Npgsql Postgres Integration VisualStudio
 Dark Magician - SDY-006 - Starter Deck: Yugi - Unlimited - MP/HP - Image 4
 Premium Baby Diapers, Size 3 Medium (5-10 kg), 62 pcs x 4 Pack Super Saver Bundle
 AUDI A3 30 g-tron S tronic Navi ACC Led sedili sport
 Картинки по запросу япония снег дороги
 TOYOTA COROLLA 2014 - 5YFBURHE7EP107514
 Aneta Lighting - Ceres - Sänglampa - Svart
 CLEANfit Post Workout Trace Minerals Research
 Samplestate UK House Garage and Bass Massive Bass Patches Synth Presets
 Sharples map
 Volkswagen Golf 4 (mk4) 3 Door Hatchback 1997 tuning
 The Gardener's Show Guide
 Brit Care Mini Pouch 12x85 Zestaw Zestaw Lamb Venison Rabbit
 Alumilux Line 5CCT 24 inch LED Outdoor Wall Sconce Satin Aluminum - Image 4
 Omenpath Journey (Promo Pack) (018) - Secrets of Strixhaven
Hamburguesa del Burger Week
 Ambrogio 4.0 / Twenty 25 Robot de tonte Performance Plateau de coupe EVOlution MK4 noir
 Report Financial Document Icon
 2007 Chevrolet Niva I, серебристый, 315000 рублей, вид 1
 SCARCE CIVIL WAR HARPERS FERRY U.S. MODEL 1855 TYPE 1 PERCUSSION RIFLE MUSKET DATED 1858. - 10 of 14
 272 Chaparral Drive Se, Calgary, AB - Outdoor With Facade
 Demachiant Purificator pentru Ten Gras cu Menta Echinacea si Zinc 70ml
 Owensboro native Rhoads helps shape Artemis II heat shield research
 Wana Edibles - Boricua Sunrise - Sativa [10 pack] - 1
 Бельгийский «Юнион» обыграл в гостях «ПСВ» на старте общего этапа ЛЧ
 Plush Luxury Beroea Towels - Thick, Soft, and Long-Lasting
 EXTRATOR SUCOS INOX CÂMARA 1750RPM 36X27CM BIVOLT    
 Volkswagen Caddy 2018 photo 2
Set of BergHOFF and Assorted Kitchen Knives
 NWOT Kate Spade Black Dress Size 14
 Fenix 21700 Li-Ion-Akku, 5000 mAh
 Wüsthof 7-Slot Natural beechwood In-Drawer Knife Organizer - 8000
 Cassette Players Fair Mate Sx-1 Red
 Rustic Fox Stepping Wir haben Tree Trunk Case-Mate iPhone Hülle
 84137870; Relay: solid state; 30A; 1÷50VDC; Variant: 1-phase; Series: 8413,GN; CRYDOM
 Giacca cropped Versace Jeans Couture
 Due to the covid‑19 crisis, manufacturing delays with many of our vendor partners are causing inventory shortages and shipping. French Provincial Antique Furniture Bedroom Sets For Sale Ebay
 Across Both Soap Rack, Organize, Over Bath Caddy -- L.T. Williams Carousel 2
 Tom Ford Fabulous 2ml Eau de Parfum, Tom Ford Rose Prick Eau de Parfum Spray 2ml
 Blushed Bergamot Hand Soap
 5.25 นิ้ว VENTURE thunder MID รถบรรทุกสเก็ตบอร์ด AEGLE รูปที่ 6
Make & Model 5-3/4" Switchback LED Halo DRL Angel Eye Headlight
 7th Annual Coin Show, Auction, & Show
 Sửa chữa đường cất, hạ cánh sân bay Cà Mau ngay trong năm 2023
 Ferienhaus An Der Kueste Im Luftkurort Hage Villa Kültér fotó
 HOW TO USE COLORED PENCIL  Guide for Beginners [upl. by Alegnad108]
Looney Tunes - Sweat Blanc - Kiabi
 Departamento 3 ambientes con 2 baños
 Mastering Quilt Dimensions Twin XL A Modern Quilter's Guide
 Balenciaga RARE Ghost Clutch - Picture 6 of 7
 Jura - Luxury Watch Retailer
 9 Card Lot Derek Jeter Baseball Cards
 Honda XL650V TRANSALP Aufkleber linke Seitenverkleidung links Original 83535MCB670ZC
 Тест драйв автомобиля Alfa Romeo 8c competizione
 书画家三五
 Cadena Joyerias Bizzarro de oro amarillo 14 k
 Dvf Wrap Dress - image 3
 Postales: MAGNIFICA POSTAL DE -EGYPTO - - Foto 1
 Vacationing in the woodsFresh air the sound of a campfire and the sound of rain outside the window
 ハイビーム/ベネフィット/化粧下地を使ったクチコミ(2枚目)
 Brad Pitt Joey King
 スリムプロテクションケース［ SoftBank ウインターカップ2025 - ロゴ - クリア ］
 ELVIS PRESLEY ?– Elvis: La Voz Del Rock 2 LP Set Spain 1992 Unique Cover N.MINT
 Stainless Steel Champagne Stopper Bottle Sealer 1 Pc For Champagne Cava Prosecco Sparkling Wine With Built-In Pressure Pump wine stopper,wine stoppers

━━━━━━━━

▶ [YOUR GOAL]
Please copy out the data above exactly.

▶ [TASK OUTPUT]
Npgsql Postgres Integration VisualStudio
 Dark Magician - SDY-006 - Starter Deck: Yugi - Unlimited - MP/HP - Image 4
 Premium Baby Diapers, Size 3 Medium (5-10 kg), 62 pcs x 4 Pack Super Saver Bundle
 AUDI A3 30 g-tron S tronic Navi ACC Led sedili sport
 Картинки по запросу япония снег дороги
 TOYOTA COROLLA 2014 - 5YFBURHE7EP107514
 Aneta Lighting - Ceres - Sänglampa - Svart
 CLEANfit Post Workout Trace Minerals Research
 Samplestate UK House Garage and Bass Massive Bass Patches Synth Presets
 Sharples map
 Volkswagen Golf 4 (mk4) 3 Door Hatchback 1997 tuning
 The Gardener's Show Guide
 Brit Care Mini Pouch 12x85 Zestaw Zestaw Lamb Venison Rabbit
 Alumilux Line 5CCT 24 inch LED Outdoor Wall Sconce Satin Aluminum - Image 4
 Omenpath Journey (Promo Pack) (018) - Secrets of Strixhaven
Hamburguesa del Burger Week
 Ambrogio 4.0 / Twenty 25 Robot de tonte Performance Plateau de coupe EVOlution MK4 noir
 Report Financial Document Icon
 2007 Chevrolet Niva I, серебристый, 315000 рублей, вид 1
 SCARCE CIVIL WAR HARPERS FERRY U.S. MODEL 1855 TYPE 1 PERCUSSION RIFLE MUSKET DATED 1858. - 10 of 14
 272 Chaparral Drive Se, Calgary, AB - Outdoor With Facade
 Demachiant Purificator pentru Ten Gras cu Menta Echinacea si Zinc 70ml
 Owensboro native Rhoads helps shape Artemis II heat shield research
 Wana Edibles - Boricua Sunrise - Sativa [10 pack] - 1
 Бельгийский «Юнион» обыграл в гостях «ПСВ» на старте общего этапа ЛЧ
 Plush Luxury Beroea Towels - Thick, Soft, and Long-Lasting
 EXTRATOR SUCOS INOX CÂMARA 1750RPM 36X27CM BIVOLT    
 Volkswagen Caddy 2018 photo 2
Set of BergHOFF and Assorted Kitchen Knives
 NWOT Kate Spade Black Dress Size 14
 Fenix 21700 Li-Ion-Akku, 5000 mAh
 Wüsthof 7-Slot Natural beechwood In-Drawer Knife Organizer - 8000
 Cassette Players Fair Mate Sx-1 Red
 Rustic Fox Stepping Wir haben Tree Trunk Case-Mate iPhone Hülle
 84137870; Relay: solid state; 30A; 1÷50VDC; Variant: 1-phase; Series: 8413,GN; CRYDOM
 Giacca cropped Versace Jeans Couture
 Due to the covid‑19 crisis, manufacturing delays with many of our vendor partners are causing inventory shortages and shipping. French Provincial Antique Furniture Bedroom Sets For Sale Ebay
 Across Both Soap Rack, Organize, Over Bath Caddy -- L.T. Williams Carousel 2
 Tom Ford Fabulous 2ml Eau de Parfum, Tom Ford Rose Prick Eau de Parfum Spray 2ml
 Blushed Bergamot Hand Soap
 5.25 นิ้ว VENTURE thunder MID รถบรรทุกสเก็ตบอร์ด AEGLE รูปที่ 6
Make & Model 5-3/4" Switchback LED Halo DRL Angel Eye Headlight
 7th Annual Coin Show, Auction, & Show
 Sửa chữa đường cất, hạ cánh sân bay Cà Mau ngay trong năm 2023
 Ferienhaus An Der Kueste Im Luftkurort Hage Villa Kültér fotó
 HOW TO USE COLORED PENCIL  Guide for Beginners [upl. by Alegnad108]
Looney Tunes - Sweat Blanc - Kiabi
 Departamento 3 ambientes con 2 baños
 Mastering Quilt Dimensions Twin XL A Modern Quilter's Guide
 Balenciaga RARE Ghost Clutch - Picture 6 of 7
 Jura - Luxury Watch Retailer
 9 Card Lot Derek Jeter Baseball Cards
 Honda XL650V TRANSALP Aufkleber linke Seitenverkleidung links Original 83535MCB670ZC
 Тест драйв автомобиля Alfa Romeo 8c competizione
 书画家三五
 Cadena Joyerias Bizzarro de oro amarillo 14 k
 Dvf Wrap Dress - image 3
 Postales: MAGNIFICA POSTAL DE -EGYPTO - - Foto 1
 Vacationing in the woodsFresh air the sound of a campfire and the sound of rain outside the window
 ハイビーム/ベネフィット/化粧下地を使ったクチコミ(2枚目)
 Brad Pitt Joey King
 スリムプロテクションケース［ SoftBank ウインターカップ2025 - ロゴ - クリア ］
 ELVIS PRESLEY ?– Elvis: La Voz Del Rock 2 LP Set Spain 1992 Unique Cover N.MINT
 Stainless Steel Champagne Stopper Bottle Sealer 1 Pc For Champagne Cava Prosecco Sparkling Wine With Built-In Pressure Pump wine stopper,wine stoppers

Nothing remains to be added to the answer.